Record set START
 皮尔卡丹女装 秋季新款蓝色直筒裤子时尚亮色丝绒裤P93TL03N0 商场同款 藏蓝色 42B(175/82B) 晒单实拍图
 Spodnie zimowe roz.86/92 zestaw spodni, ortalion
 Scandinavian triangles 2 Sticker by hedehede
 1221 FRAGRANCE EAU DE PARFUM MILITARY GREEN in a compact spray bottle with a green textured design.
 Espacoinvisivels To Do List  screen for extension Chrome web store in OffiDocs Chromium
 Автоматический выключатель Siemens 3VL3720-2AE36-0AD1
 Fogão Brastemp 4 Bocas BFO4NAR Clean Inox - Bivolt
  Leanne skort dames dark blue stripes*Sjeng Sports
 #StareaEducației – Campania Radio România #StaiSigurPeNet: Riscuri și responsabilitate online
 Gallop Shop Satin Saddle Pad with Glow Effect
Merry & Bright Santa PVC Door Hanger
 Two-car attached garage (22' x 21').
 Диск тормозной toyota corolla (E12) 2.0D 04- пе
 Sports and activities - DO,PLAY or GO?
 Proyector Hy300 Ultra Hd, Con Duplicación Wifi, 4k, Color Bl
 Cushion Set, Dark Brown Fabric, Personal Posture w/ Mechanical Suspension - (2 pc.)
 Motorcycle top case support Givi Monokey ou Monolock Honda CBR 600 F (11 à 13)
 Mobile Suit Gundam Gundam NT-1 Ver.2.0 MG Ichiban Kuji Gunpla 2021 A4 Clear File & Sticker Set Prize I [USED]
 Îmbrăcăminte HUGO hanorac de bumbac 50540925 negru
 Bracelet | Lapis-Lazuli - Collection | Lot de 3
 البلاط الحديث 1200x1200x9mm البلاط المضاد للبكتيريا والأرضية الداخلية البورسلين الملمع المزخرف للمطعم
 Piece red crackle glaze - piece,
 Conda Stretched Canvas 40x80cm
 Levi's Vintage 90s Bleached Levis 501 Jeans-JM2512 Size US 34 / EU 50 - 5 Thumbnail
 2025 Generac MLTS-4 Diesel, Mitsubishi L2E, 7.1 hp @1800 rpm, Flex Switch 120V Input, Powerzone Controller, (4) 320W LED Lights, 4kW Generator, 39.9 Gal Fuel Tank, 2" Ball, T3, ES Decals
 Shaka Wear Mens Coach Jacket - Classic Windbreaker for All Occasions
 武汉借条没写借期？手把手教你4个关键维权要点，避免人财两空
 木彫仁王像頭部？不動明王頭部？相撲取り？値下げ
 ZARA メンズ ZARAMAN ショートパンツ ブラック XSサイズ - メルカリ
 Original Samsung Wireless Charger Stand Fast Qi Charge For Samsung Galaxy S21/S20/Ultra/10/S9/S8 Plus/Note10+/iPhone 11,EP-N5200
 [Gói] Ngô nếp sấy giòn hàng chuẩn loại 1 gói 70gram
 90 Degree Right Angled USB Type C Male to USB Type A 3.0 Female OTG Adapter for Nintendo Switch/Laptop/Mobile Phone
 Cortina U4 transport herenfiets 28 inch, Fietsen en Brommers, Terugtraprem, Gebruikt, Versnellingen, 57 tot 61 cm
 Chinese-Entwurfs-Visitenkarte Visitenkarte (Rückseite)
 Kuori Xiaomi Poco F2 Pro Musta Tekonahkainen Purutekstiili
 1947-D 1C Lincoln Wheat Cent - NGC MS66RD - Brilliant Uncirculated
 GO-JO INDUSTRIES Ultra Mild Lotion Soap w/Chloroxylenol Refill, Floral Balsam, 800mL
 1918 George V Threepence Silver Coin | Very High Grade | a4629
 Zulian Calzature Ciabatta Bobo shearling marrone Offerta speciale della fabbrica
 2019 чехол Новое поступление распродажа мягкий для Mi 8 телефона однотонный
Record set END
▶ Goal of the exercise: Find the line that contains "Mobile Suit Gundam". Restate it and all lines after it exactly, ending with the final line of the data.

▶ Exercise response:
 Mobile Suit Gundam Gundam NT-1 Ver.2.0 MG Ichiban Kuji Gunpla 2021 A4 Clear File & Sticker Set Prize I [USED]
 Îmbrăcăminte HUGO hanorac de bumbac 50540925 negru
 Bracelet | Lapis-Lazuli - Collection | Lot de 3
 البلاط الحديث 1200x1200x9mm البلاط المضاد للبكتيريا والأرضية الداخلية البورسلين الملمع المزخرف للمطعم
 Piece red crackle glaze - piece,
 Conda Stretched Canvas 40x80cm
 Levi's Vintage 90s Bleached Levis 501 Jeans-JM2512 Size US 34 / EU 50 - 5 Thumbnail
 2025 Generac MLTS-4 Diesel, Mitsubishi L2E, 7.1 hp @1800 rpm, Flex Switch 120V Input, Powerzone Controller, (4) 320W LED Lights, 4kW Generator, 39.9 Gal Fuel Tank, 2" Ball, T3, ES Decals
 Shaka Wear Mens Coach Jacket - Classic Windbreaker for All Occasions
 武汉借条没写借期？手把手教你4个关键维权要点，避免人财两空
 木彫仁王像頭部？不動明王頭部？相撲取り？値下げ
 ZARA メンズ ZARAMAN ショートパンツ ブラック XSサイズ - メルカリ
 Original Samsung Wireless Charger Stand Fast Qi Charge For Samsung Galaxy S21/S20/Ultra/10/S9/S8 Plus/Note10+/iPhone 11,EP-N5200
 [Gói] Ngô nếp sấy giòn hàng chuẩn loại 1 gói 70gram
 90 Degree Right Angled USB Type C Male to USB Type A 3.0 Female OTG Adapter for Nintendo Switch/Laptop/Mobile Phone
 Cortina U4 transport herenfiets 28 inch, Fietsen en Brommers, Terugtraprem, Gebruikt, Versnellingen, 57 tot 61 cm
 Chinese-Entwurfs-Visitenkarte Visitenkarte (Rückseite)
 Kuori Xiaomi Poco F2 Pro Musta Tekonahkainen Purutekstiili
 1947-D 1C Lincoln Wheat Cent - NGC MS66RD - Brilliant Uncirculated
 GO-JO INDUSTRIES Ultra Mild Lotion Soap w/Chloroxylenol Refill, Floral Balsam, 800mL
 1918 George V Threepence Silver Coin | Very High Grade | a4629
 Zulian Calzature Ciabatta Bobo shearling marrone Offerta speciale della fabbrica
 2019 чехол Новое поступление распродажа мягкий для Mi 8 телефона однотонный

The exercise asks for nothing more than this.